De Arbowet verplicht werkgevers beleid te voeren tegen psychosociale arbeidsbelasting waaronder ongewenste omgangsvormen (artikel 3, lid 2). Dit betreft discriminatie, seksuele intimidatie, agressie & geweld en pesten (artikel 1, lid 3 onder e).
Indien medewerkers blootgesteld worden aan psychosociale arbeidsbelasting (PSA), moeten de risico’s van PSA opgenomen worden in de risico-inventarisatie en -evaluatie (RI&E) van de organisatie. Een werkgever dient dus onderzoek te doen naar eventuele risico’s ten aanzien van PSA. Enkel als blijkt dat deze risico’s aanwezig (kunnen) zijn dient de werkgever in het kader van de RI&E aanvullende maatregelen te nemen, bijvoorbeeld door het aanstellen van een vertrouwenspersoon.
Kent u het verschil tussen de Vertrouwenspersoong Ongewenste Omgangsvormen (VOO) en de Vertrouwenspersoon Intergriteit (VPI)? We hebben het voor u naast elkaar gelegd.

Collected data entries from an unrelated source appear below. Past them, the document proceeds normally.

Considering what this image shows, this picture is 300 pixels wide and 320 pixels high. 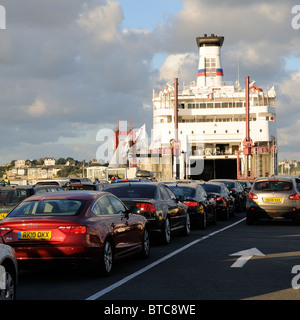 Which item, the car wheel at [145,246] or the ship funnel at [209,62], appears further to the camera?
the ship funnel at [209,62]

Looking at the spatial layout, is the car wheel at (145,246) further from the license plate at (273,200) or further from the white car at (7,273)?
the license plate at (273,200)

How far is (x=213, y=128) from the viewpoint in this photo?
64.0 m

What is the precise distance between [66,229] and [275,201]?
40.2 ft

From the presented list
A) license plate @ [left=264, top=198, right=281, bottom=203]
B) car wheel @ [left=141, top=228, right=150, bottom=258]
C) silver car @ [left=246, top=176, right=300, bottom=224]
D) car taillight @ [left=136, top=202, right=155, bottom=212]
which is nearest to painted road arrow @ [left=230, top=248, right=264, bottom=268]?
car wheel @ [left=141, top=228, right=150, bottom=258]

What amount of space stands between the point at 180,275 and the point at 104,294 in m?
1.98

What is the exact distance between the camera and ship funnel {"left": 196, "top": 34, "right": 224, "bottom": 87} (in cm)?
7512

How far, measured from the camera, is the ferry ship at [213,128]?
210ft

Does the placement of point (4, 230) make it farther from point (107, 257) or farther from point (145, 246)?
point (145, 246)

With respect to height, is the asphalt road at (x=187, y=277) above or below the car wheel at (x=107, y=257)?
below

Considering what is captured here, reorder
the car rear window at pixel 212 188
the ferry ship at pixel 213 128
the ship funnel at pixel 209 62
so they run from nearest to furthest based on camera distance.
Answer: the car rear window at pixel 212 188, the ferry ship at pixel 213 128, the ship funnel at pixel 209 62

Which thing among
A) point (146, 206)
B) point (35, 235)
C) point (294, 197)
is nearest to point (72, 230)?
point (35, 235)

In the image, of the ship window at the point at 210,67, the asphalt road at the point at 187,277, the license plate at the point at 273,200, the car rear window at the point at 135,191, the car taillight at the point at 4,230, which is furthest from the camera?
the ship window at the point at 210,67

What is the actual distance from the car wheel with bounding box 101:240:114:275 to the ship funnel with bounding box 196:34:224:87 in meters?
64.5

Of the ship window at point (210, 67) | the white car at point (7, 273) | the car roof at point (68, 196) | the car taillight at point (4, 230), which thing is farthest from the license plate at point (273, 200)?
the ship window at point (210, 67) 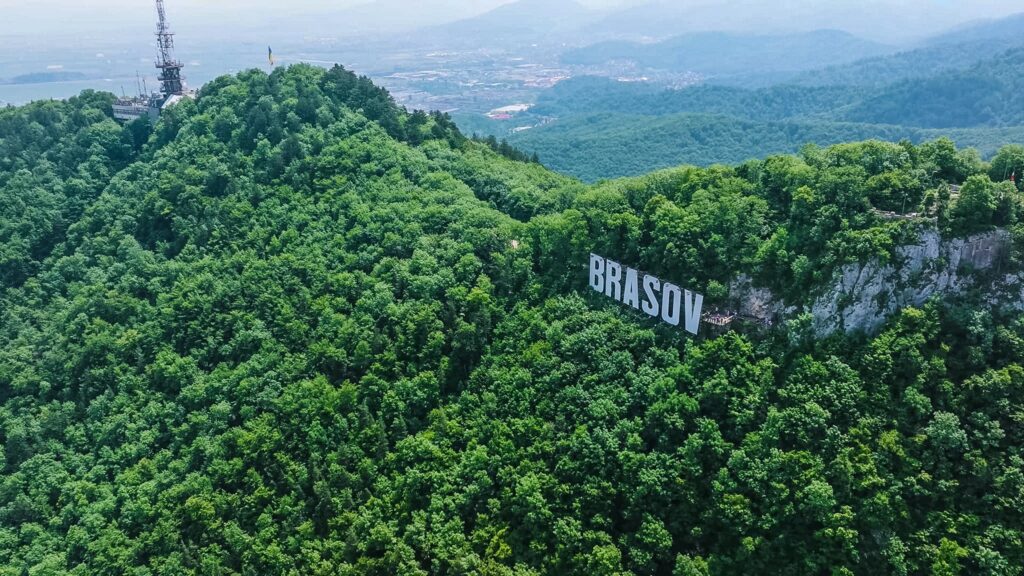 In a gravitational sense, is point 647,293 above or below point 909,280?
below

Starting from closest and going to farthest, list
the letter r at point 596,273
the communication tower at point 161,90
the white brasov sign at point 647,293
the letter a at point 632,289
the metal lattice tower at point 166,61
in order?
the white brasov sign at point 647,293, the letter a at point 632,289, the letter r at point 596,273, the communication tower at point 161,90, the metal lattice tower at point 166,61

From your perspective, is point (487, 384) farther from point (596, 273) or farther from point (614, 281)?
point (614, 281)

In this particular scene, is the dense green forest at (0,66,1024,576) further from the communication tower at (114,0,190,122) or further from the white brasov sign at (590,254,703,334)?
the communication tower at (114,0,190,122)

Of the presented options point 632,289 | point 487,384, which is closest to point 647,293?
point 632,289

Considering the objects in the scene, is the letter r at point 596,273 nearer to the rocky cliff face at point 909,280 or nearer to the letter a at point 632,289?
the letter a at point 632,289

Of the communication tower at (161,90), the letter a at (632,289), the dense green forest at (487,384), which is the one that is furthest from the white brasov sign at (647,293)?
the communication tower at (161,90)

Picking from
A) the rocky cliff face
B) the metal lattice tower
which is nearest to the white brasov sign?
the rocky cliff face

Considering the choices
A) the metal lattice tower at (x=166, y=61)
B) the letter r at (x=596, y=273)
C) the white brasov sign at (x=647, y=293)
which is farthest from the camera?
the metal lattice tower at (x=166, y=61) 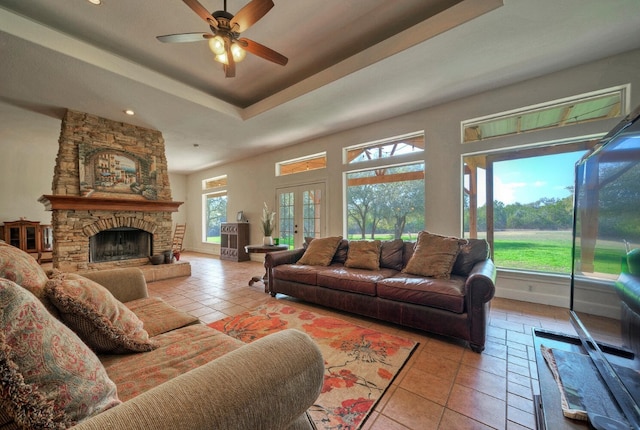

Wegwijzer Vertrouwenspersoon Ongewenste Omgangsvormen
TNO heeft de nieuwe wegwijzer Vertrouwenspersoon Ongewenste Omgangsvormen gepubliceerd. Deze wegwijzer bevat informatie over de wettelijke kaders, de taken en verantwoordelijkheden, het profiel, competenties en de positionering van de vertrouwenspersoon.
Het doel van de Wegwijzer Vertrouwenspersoon Ongewenste Omgangsvormen is om een positieve bijdrage te leveren aan het creëren van een veilige werkomgeving. Iedereen moet zich namelijk veilig kunnen voelen op het werk.
Psychosociale arbeidsbelasting kan grote gevolgen hebben voor zowel de persoon zelf, als de organisatie. Een organisatie valt of staat met het welzijn van de medewerkers. Dit maakt dat dit onderwerp zeker thuis hoort op de agenda van de Veiligheidskundige en Arbeidshygiënist.